Lazier Than Lazy Greedy
This provides a faster algorithm for data summarization tasks like kernel methods and sensor placement, representing a novel method for a known bottleneck.
The paper tackles the problem of maximizing monotone submodular functions under cardinality constraints by introducing STOCHASTIC-GREEDY, a randomized algorithm that achieves a (1-1/e-ε) approximation guarantee in linear time, independent of the constraint size, and empirically matches the utility of lazy greedy while running much faster.

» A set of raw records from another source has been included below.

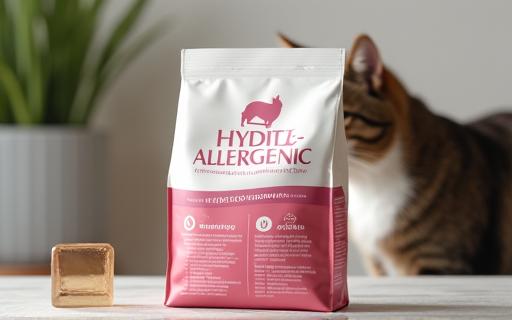 Dieta hipoalergénica especializada para gatos
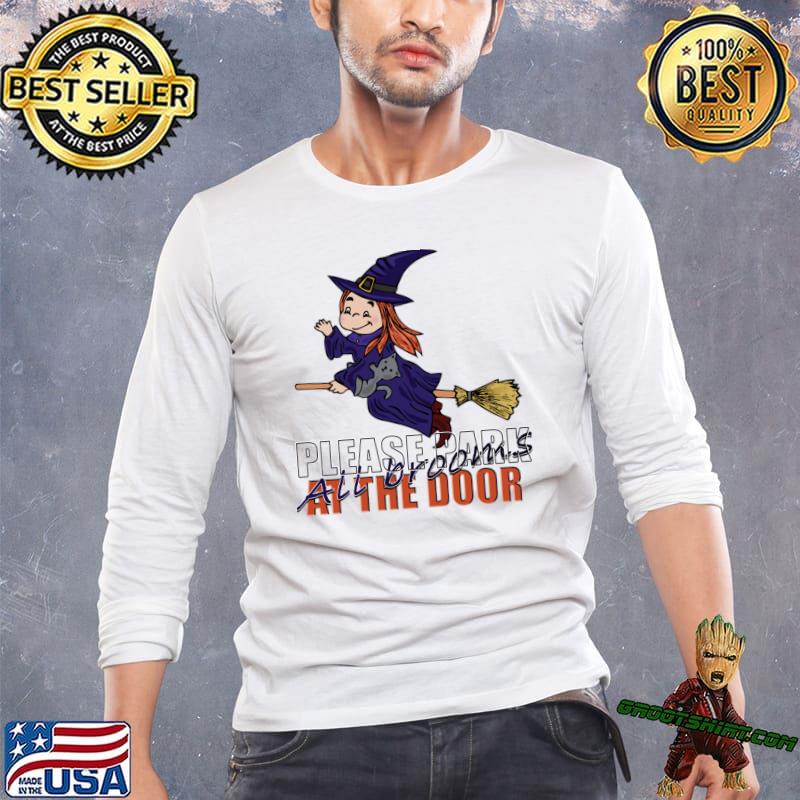 Please Park At The Door All Brooms Witch Halloween T-Shirt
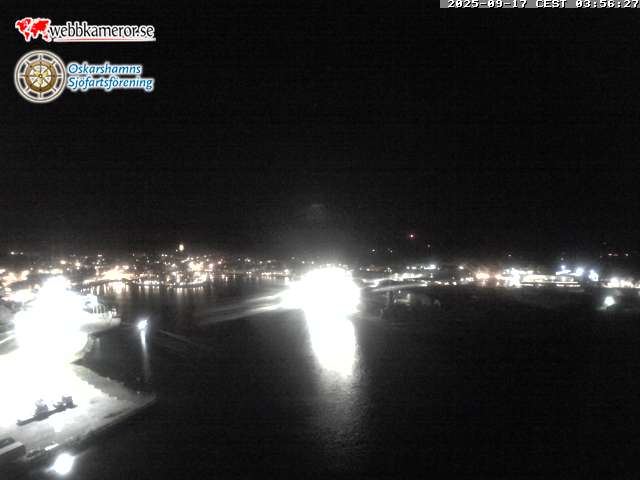 Oskarshamn, vista hacia el puerto interior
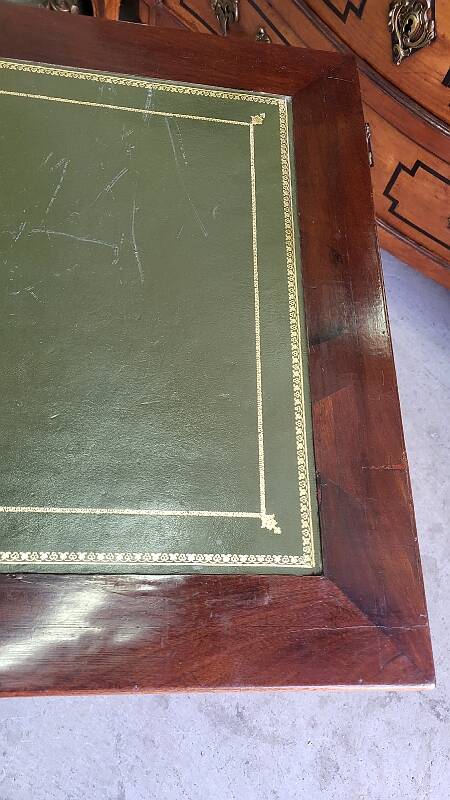 SMALL WRITING DESK WITH 1 DRAWER IN MAHOGANY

Is it possible to maximize a monotone submodular function faster than the widely used lazy greedy algorithm (also known as accelerated greedy), both in theory and practice? In this paper, we develop the first linear-time algorithm for maximizing a general monotone submodular function subject to a cardinality constraint. We show that our randomized algorithm, STOCHASTIC-GREEDY, can achieve a $(1-1/e-\varepsilon)$ approximation guarantee, in expectation, to the optimum solution in time linear in the size of the data and independent of the cardinality constraint. We empirically demonstrate the effectiveness of our algorithm on submodular functions arising in data summarization, including training large-scale kernel methods, exemplar-based clustering, and sensor placement. We observe that STOCHASTIC-GREEDY practically achieves the same utility value as lazy greedy but runs much faster. More surprisingly, we observe that in many practical scenarios STOCHASTIC-GREEDY does not evaluate the whole fraction of data points even once and still achieves indistinguishable results compared to lazy greedy.